I think those are some great points and I will have to consider them. Do the cr123a lights fit in the 18650 headband? That way I could just pack the small cr123a light as a backup and use the same headband setup.


----------



## Tachead (Nov 14, 2017)

Lumen83 said:


> The real reason I need to use a primary over an 18650 is because of extreme temperatures. There has been times when I have been above treeline when it is below 0 degrees F. The 18650s just do not handle that the way that a primary cr123a does.
> 
> I'm glad I learned more about Armytek issues. I really need a light that is not going to fail. Even though I take a handheld for searching, when we are doing a litter carry, I want that free hand to be there in case of falling, to grab trees, or use a pole for support. Having a head lamp that will not fail ensures that hand is free.
> 
> *The Armyteks seem to beat the zebralights in terms of lumens and run times for the cr123a lights. But, it sounds like zebralight might be more reliable. Are there any other alternatives?*



Just to warn you, myself and several others have tested the actual runtimes and/or outputs in our lightbox setups and Armytek is known to overstate/inflate both specs. In fact, some Armytek models have been proven to have up to 33% less then their claimed output. They also use an inferior driver to Zebralight that is less efficient, generates more heat, and has less sophisticated thermal regulation. ZL's specs are usually very accurate on the other hand.

As for other options, if you don't mind bad tints and very cool white beams, Petzl makes very reliable headlamps from my experience and has some neat features like automatic brightness control on some models. I'm not sure if they offer any CR123A options however. Fenix also makes some nice headlamps and get pretty good reports for reliability and customer service.


----------



## Tachead (Nov 14, 2017)

Lumen83 said:


> I think those are some great points and I will have to consider them. *Do the cr123a lights fit in the 18650 headband?* That way I could just pack the small cr123a light as a backup and use the same headband setup.



The silicone holders are different but, their headbands are pretty light and compact(especially the smaller ones without the top strap) so, it wont increase your pack weight and volume much carrying two.


----------



## Lumen83 (Nov 14, 2017)

Tachead said:


> Just to warn you, myself and several others have tested the actual runtimes and/or outputs in our lightbox setups and Armytek is known to overstate/inflate both specs. In fact, some Armytek models have been proven to have up to 33% less then their claimed output. They also use an inferior driver to Zebralight that is less efficient, generates more heat due to lower efficacy, and has less sophisticated thermal regulation. ZL's specs are usually very accurate on the other hand.
> 
> As for other options, if you don't mind bad tints and very cool white beams, Petzl makes very reliable headlamps from my experience and has some neat features like automatic brightness control on some models. I'm not sure if they offer any CR123A options however. Fenix also makes some nice headlamps and get pretty good reports for reliability and customer service.

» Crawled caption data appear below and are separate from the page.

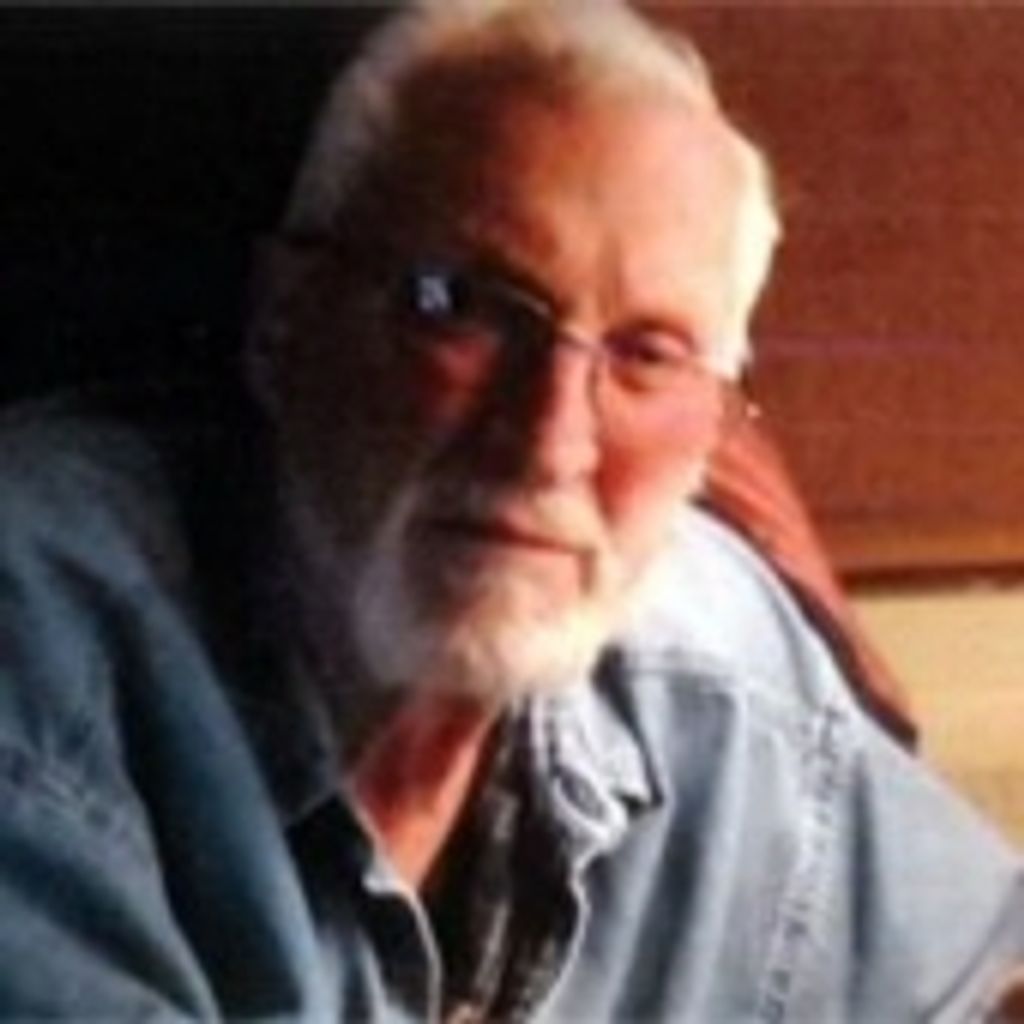 Joseph J. Beeuwsaert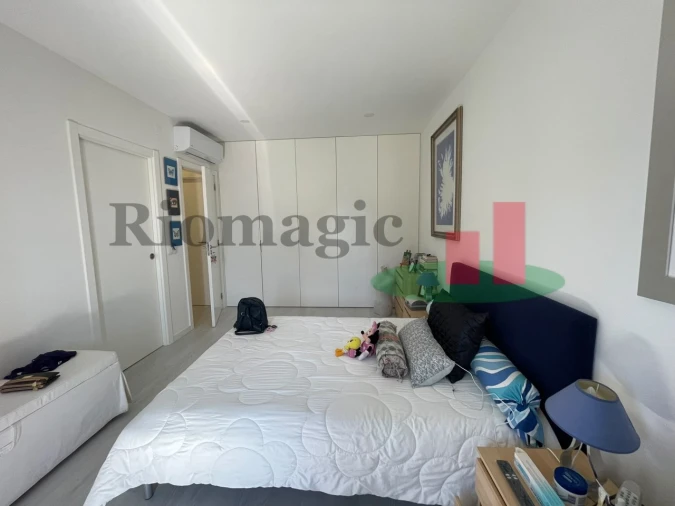 Moradia T3 para Venda em Rio Maior Foto 22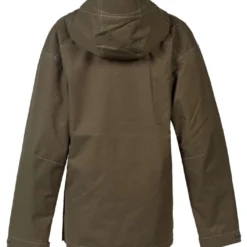 DC Ladies Savvy Anorak Jacket 2021-2022 -Cheap Salomon Store dc ladies savvy anorak jacket 2021 2022 579362036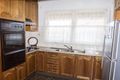 Property photo of 87 Bold Street Cabramatta West NSW 2166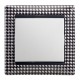 Переключатель Legrand 774406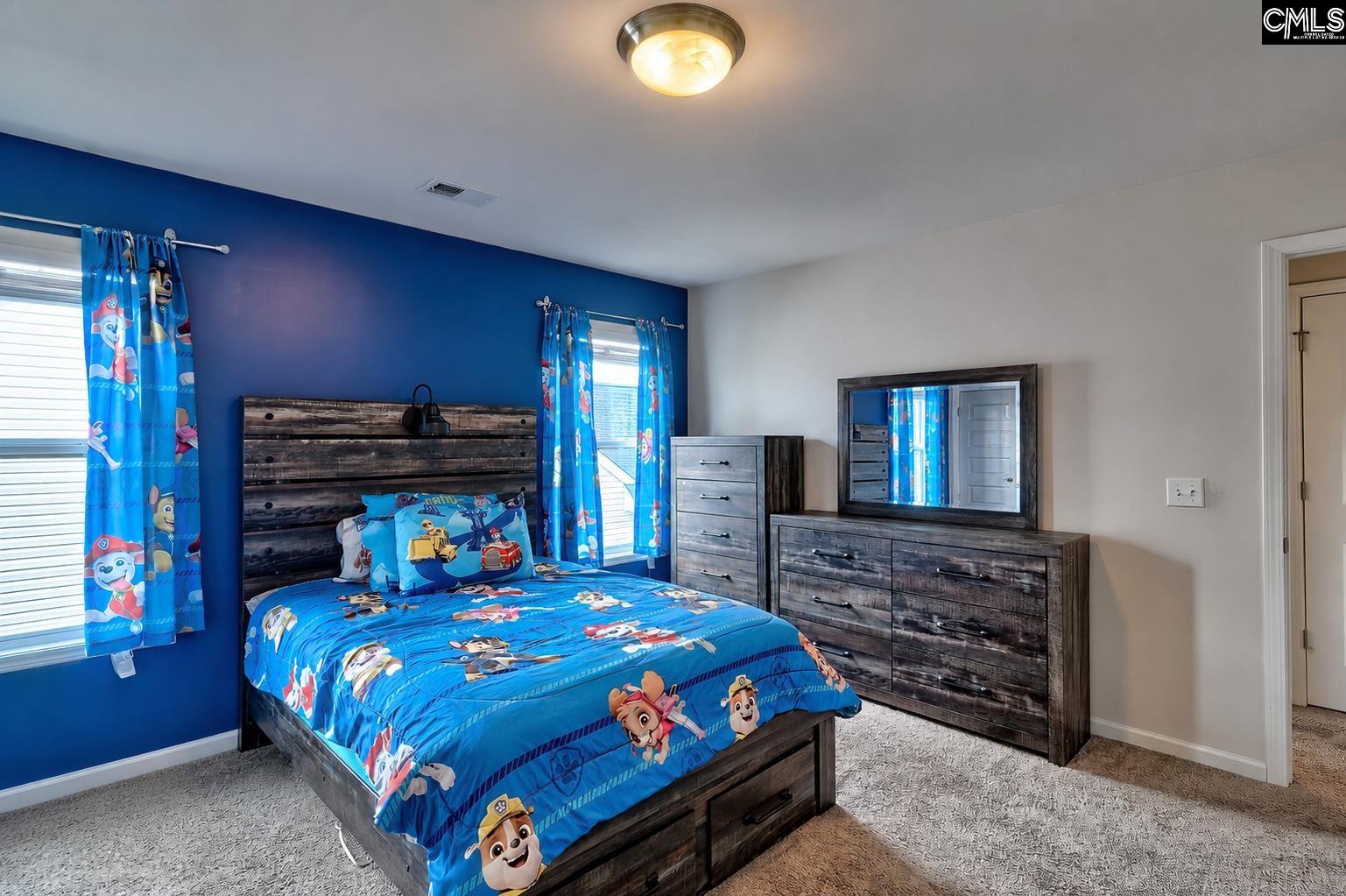 1122 Grey Pine Drive Blythewood, SC 29016
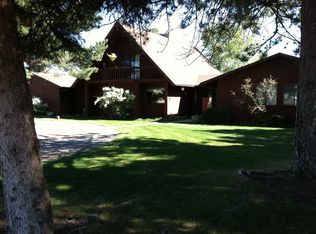 4104 W Livingston Rd, Pasco, WA 99301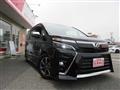 2019 Toyota Voxy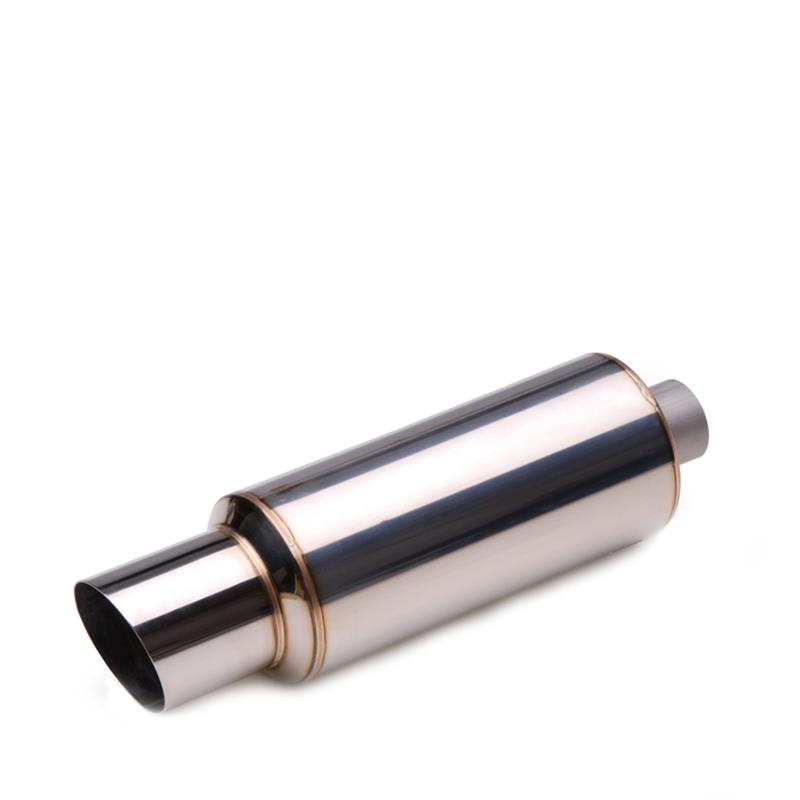 Skunk2 Racing Universal Mufflers 415-99-1470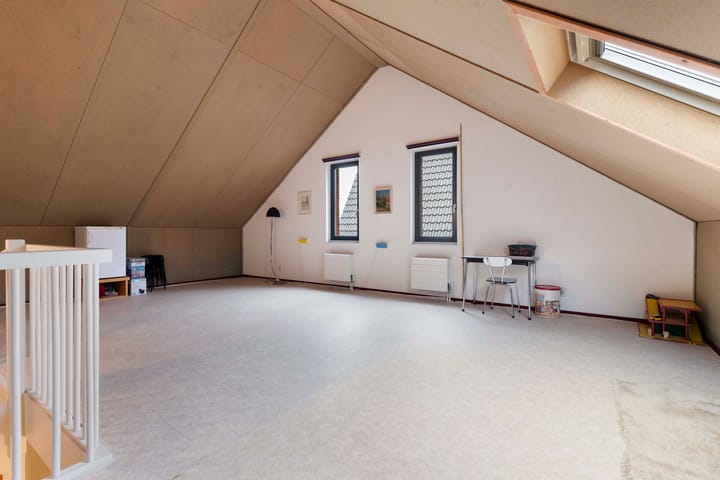 Foto 25 van Laan van Kerschoten 72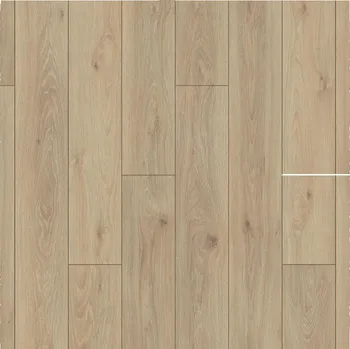 laminátová podlaha Laminátová podlaha Super Natural Classic Dub Wheat Pistacio K625 MW, 1288 x 195 mm, Krono Original - 1 rok na vrácení + DOPRAVA ZDARMA k Vám i zpět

Tint is important to me and I hate cool white beams. I was wondering how fenix compared to ZL. They do have a model that interests me.


----------



## Tachead (Nov 14, 2017)

Here is my backcountry setup. The entire thing including 2 x 18650 headlamps, 2 x headbands with top straps, 2 x 3500mAh 18650's, and the carry case weighs in at 305 grams.


----------



## Tachead (Nov 14, 2017)

Lumen83 said:


> Tint is important to me and I hate cool white beams. I was wondering how fenix compared to ZL. They do have a model that interests me.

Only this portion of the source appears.